De l’autre côté, de la finesse (les numé­ros sont-ils aus­si pour la vache?), du cou­rage tran­quille, de l’in­cor­rup­ti­bi­li­té (l’ins­ti­tu­trice), de l’hé­roïsme. Enfin, au-des­sus de tout cela, la reli­gion du Par­ti (Es-tu du Par­ti ? demande l’of­fi­cier alle­mand à l’hé­roïne arrê­tée pour sabo­tage. — Non, dit-elle, je n’en suis pas encore digne!) et le sen­ti­ment patrio­tique russe sous sa forme anti-alle­mande. Dieu lui-même est pré­sent dans cette juste cause (signes de croix et invo­ca­tions) et le vil­lage est repris, les deux traîtres mis à mort (jus­tice du peuple et celle du mari), les Alle­mands sur­vi­vants sont prisonniers.

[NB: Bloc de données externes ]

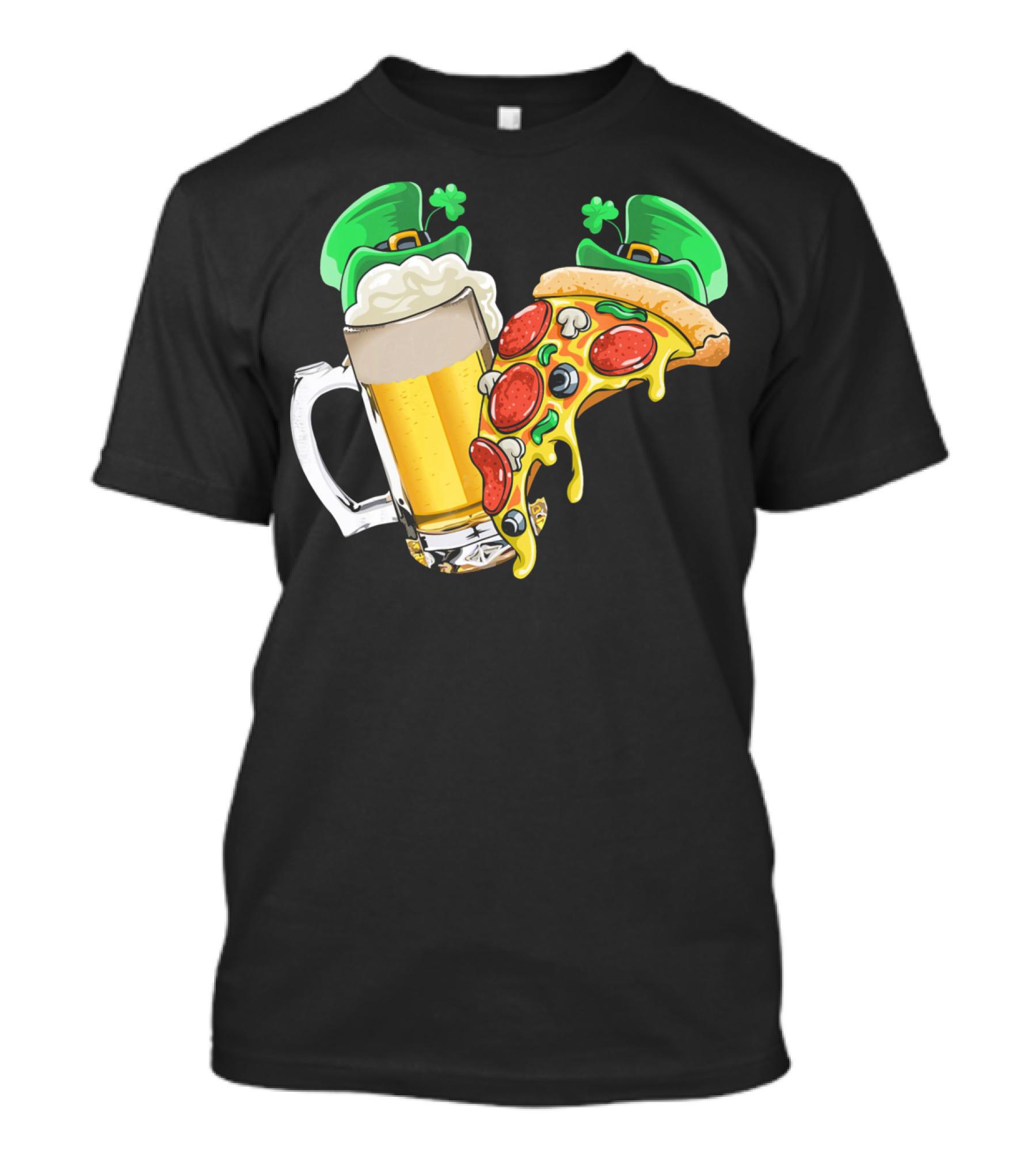 Beer Pizza Leprechaun Hat St. Patrick's Day T-Shirt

Der­nière cri­tique : le bon ciné­ma se passe de com­men­taires. Mais comme il ne s’a­git ici que de pro­pa­gande, nous avons droit à un dis­cours final. Au moment où les femmes, armées de fourches, de bâtons, se ruent sur eux pour les étri­per, une matrone impo­sante s’in­ter­pose, arrête la meute et se met à prê­cher. Les Eryn­nies dis­pa­raissent alors de l’é­cran et les spec­ta­teurs, hyp­no­ti­sés par une énorme image, entendent le plus ignoble appel à la ven­geance raf­fi­née que pro­pa­gande publique se soit permise.

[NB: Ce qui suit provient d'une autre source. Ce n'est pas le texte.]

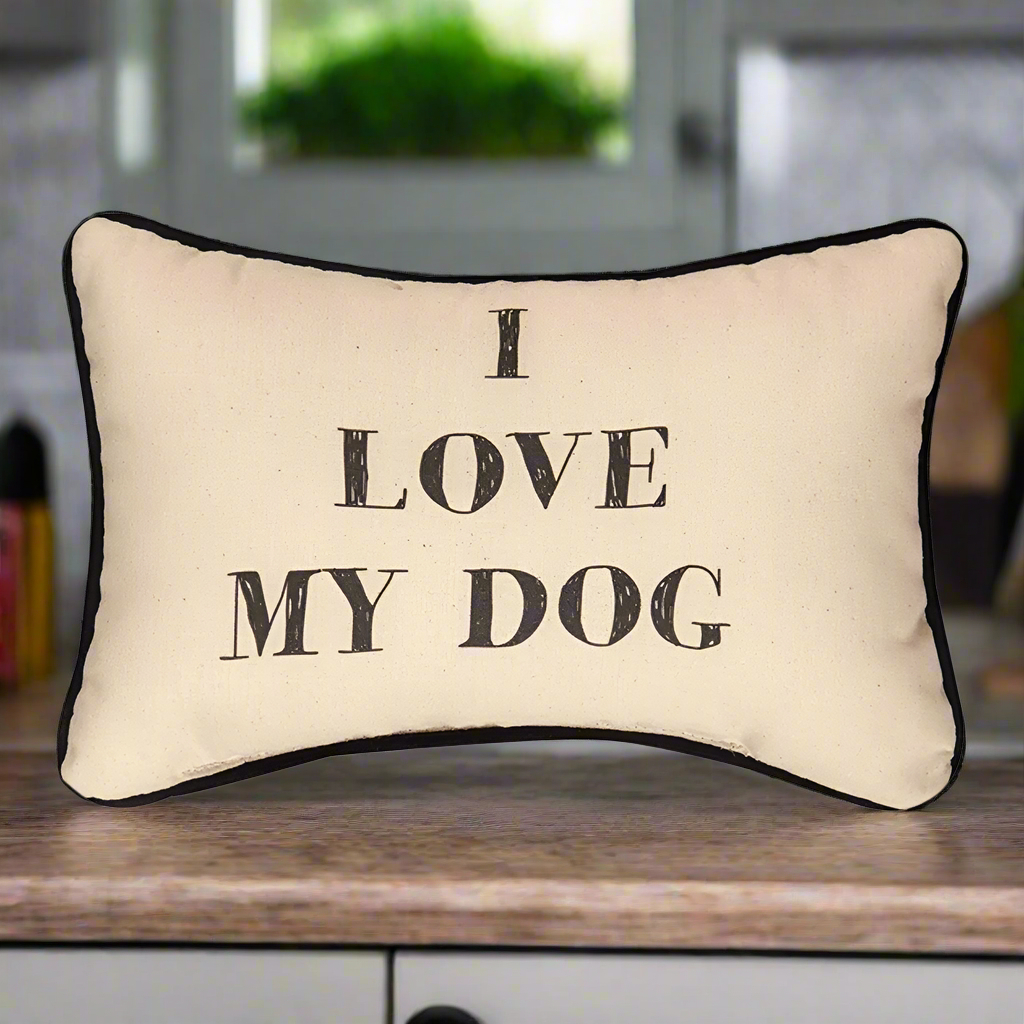 I Love My Dog Word Pillow 12.5x8 inch Pillow with Piping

Il y a bien quelques belles images, perles dans le fumier. Mais où est le grand ciné­ma sovié­tique des années 1920 ? Où est le res­pect du public ? Où est l’es­prit révo­lu­tion­naire ? Tom­bés aus­si bas sans doute que dans les livres d’I­lya Ehrem­bourge ? « L’Arc-en-ciel », bon pré­sage pour le vil­lage, dit l’hé­roïne ; mau­vais signe pour l’U­nion des Répu­bliques Socia­listes Sovié­tiques, dirons-nous.

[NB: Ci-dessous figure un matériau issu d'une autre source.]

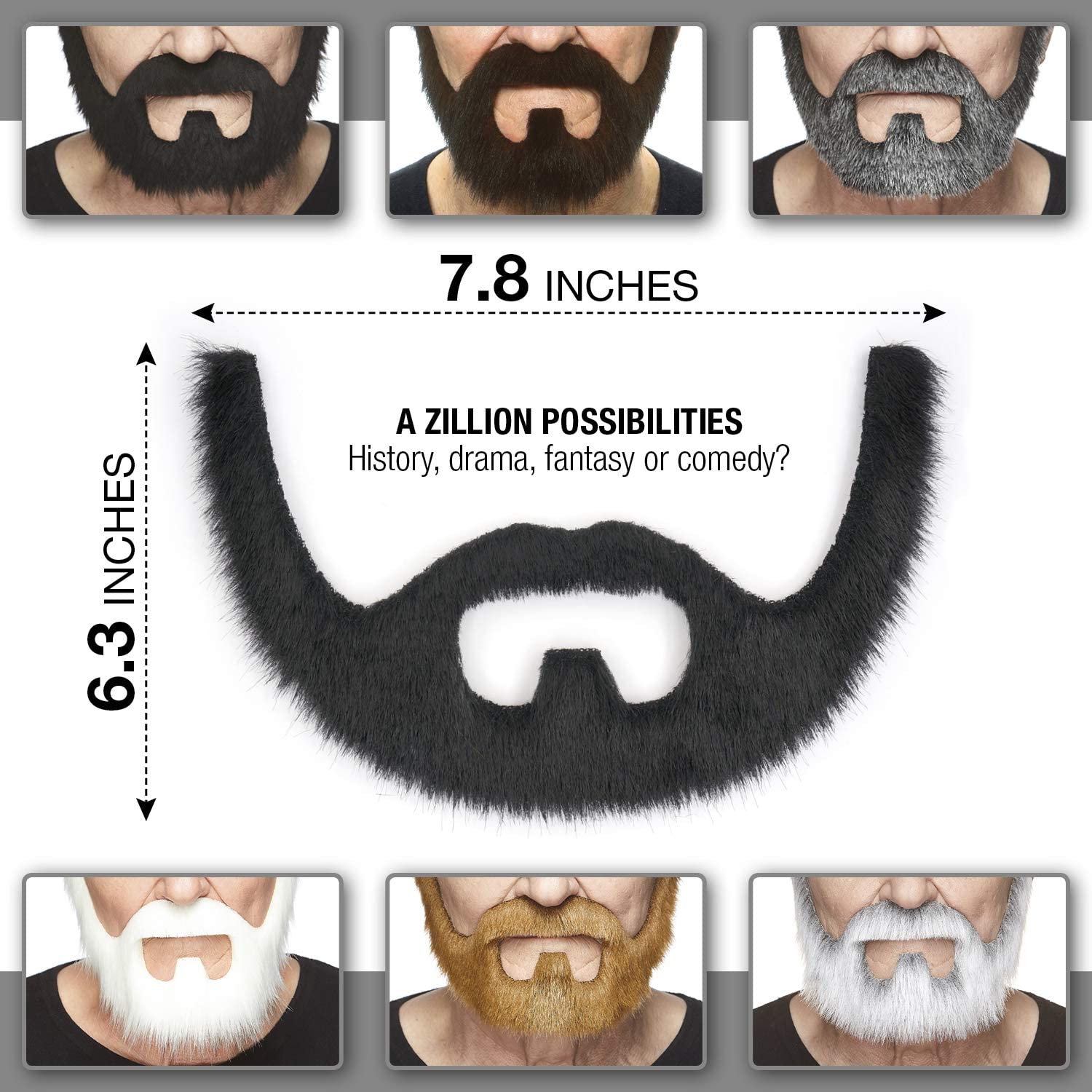 Mustaches Self Adhesive, Novelty, On Bail Fake Beard, False Facial Hair, Black Lustrous Color - Image 3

La déca­dence de l’art accom­pagne ici la dégra­da­tion de la poli­tique et de la morale révolutionnaires.

[|― O ―|]

Un film que vous ne regret­te­rez pas d’a­voir vu. C’est l’his­toire d’un pro­fes­seur de col­lège qui consacre toute sa vie à l’é­du­ca­tion de jeunes gar­çons ; tour à tour, plu­sieurs géné­ra­tions vont défi­ler sous ses yeux. Un film plein de psy­cho­lo­gie où la finesse des bou­tades le dis­pute aux moments pathétiques.

Vous assis­tez à la vie de ce pro­fes­seur, faite d’ab­né­ga­tion et de foi, mal­gré les lourdes décep­tions qu’il ren­contre au cours de sa longue car­rière. Jeune débu­tant fraî­che­ment sor­ti des écoles supé­rieures, il arrive plein d’en­thou­siasme au col­lège, où l’at­tend une classe d’é­lèves tur­bu­lents qui, voyant sa timi­di­té, font de lui leur tête de turc propre à subir leurs espiè­gle­ries. Au moment de sa mort, il sur­prend une conver­sa­tion entre ses col­lègues debout à son che­vet, où ceux-ci font res­sor­tir com­bien sa vie sans enfant avait dû lui paraître dou­lou­reuse, et s’é­crie dans une der­nière pro­fes­sion de foi : « Mais, des enfants, j’en ai eu des milliers ! »

Tout dans ce film est une par­faite réus­site au point de vue tech­nique et au point de vue de l’art dramatique.

Le pas­sage sen­ti­men­tal, mal­gré la naï­ve­té tou­chante de l’i­dylle, est mesu­ré et joué avec un sou­ci d’ob­ser­va­tion pous­sé à la per­fec­tion. L’é­pouse que Mr Ships ramène de ses vacances va faire admettre au pro­fes­seur une nou­velle psy­cho­lo­gie concer­nant ses rap­ports avec ses élèves, qua­li­fiée par lui-même de révo­lu­tion­naire. De ces nou­velles concep­tions va naître entre eux une com­mu­nion d’es­prit qui res­te­ra légen­daire au collège.

Même le pas­sage situé pen­dant la guerre de 1914 ne choque pas trop nos convic­tions, car il reste très nuancé.

Robert Don­nat, incar­nant Mr Ships dans sa jeu­nesse et sa vieillesse, reste le comé­dien sobre et puis­sant que nous connais­sons déjà.

Du même acteur, vous pou­vez aller voir, s’il passe dans votre quar­tier, le vieux film « La Citadelle ».